Repeat Syntax Using the Intermediate Language

This page assumes that you have followed the setup for the syntax extension guide already, so that you have somewhere to work. This page describes how to re-implement the repeat syntax using the Intermediate Language. Since the grammar is identical, we will not modify it here. If you have not already implemented the repeat grammar, copy it from the previous part. Also make sure you have added the example code to the test.bs file as well, as we will use it for testing purposes throughout this page.

The main reason why we might wish to generate code in the Intermediate Language directly, rather than relying on Basic Storm, is to give Basic Storm entirely new capabilities with constructs that are not expressible in Basic Storm already. Apart from that, some type of operations are actually simpler or more efficient to implement in the Intermediate Language directly, rather than relying on Basic Storm.

To generate code in the Intermediate Language, we need to create a new AST node that we can embed into the Basic Storm AST. We can do this by simply creating a new class that inherits from lang.bs.Expr. Since we are implementing a repeat statement, we call it RepeatStmt. You can either replace the code in semantics.bs with this code, or create a new file to store it in.

use lang:bs;

class RepeatStmt extends Expr {}

From the previous implementation we already know that we will need to store two expressions. One for the number of times the body shall be repeated, and another that contains the actual body to be executed.
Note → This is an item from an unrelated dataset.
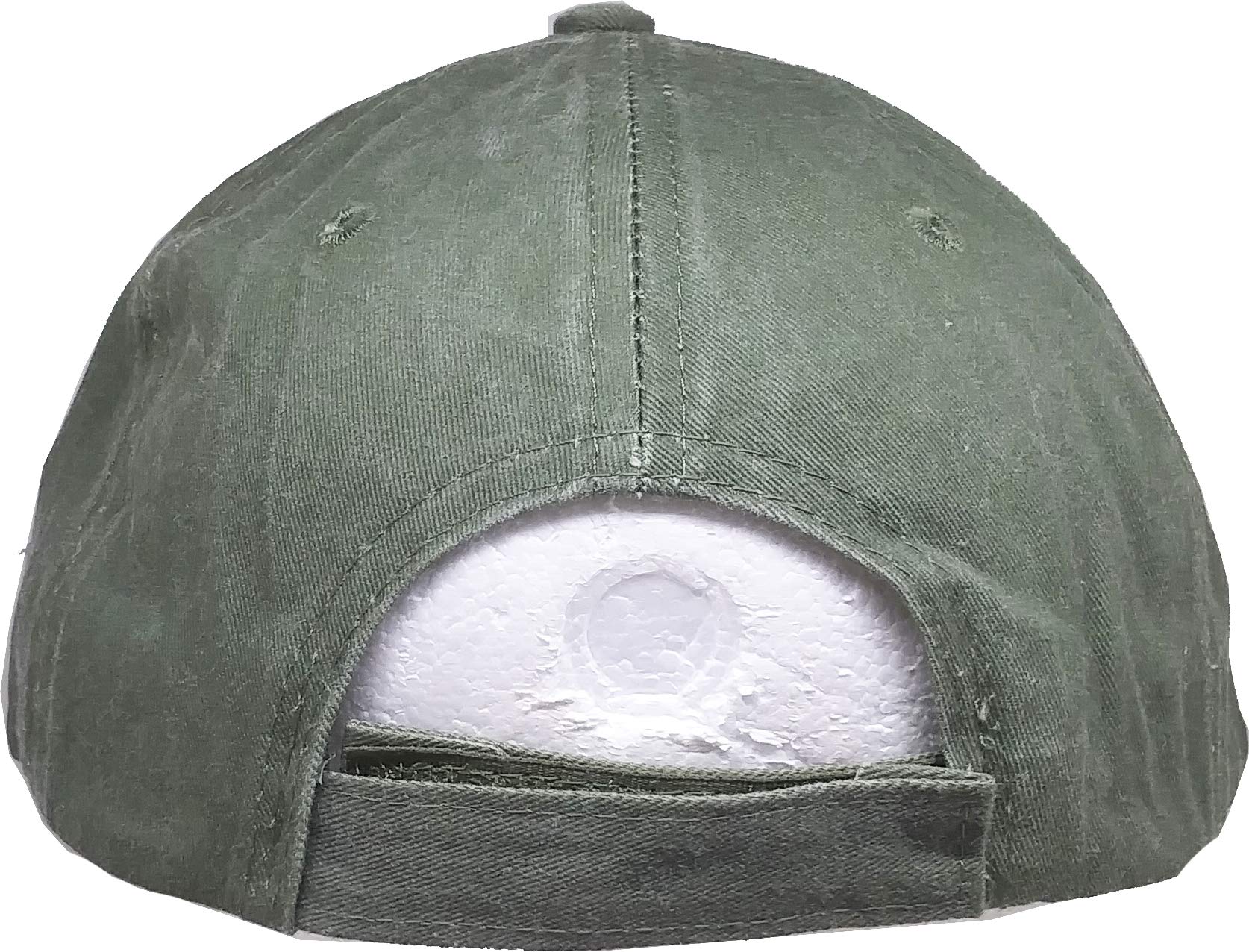 Eagle Crest Military Veteran U.S. Flag Cap, Green, Adjustable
It turns out that each Expr also contains a SrcPos object that stores the source location of the node, so we must accept a SrcPos parameter to the constructor as well:

use lang:bs;
use lang:bs:macro;
use core:lang;
use core:asm;

class RepeatStmt extends Expr {
    private Expr times;
    private Expr body;

    init(SrcPos pos, Expr times, Expr body) {
        init(pos) {
            times = times;
            body = body;
        }
    }
}

To use our new class, we must also update our grammar so that it uses the class. At this time, we can simply replace repeatStmt(block, times, body) with RepeatStmt(pos, times, body):

SStmt => RepeatStmt(pos, times, body) :
  "repeat" #keyword, "(", SExpr(block) times, ")", SStmt(block) body;

At this point it should be possible to run the program without issues (storm .). Again, this is because the default implementation of Expr happens to do the right thing for the program to not crash. However, we can see that the body of the repeat statement is not executed as we would expect.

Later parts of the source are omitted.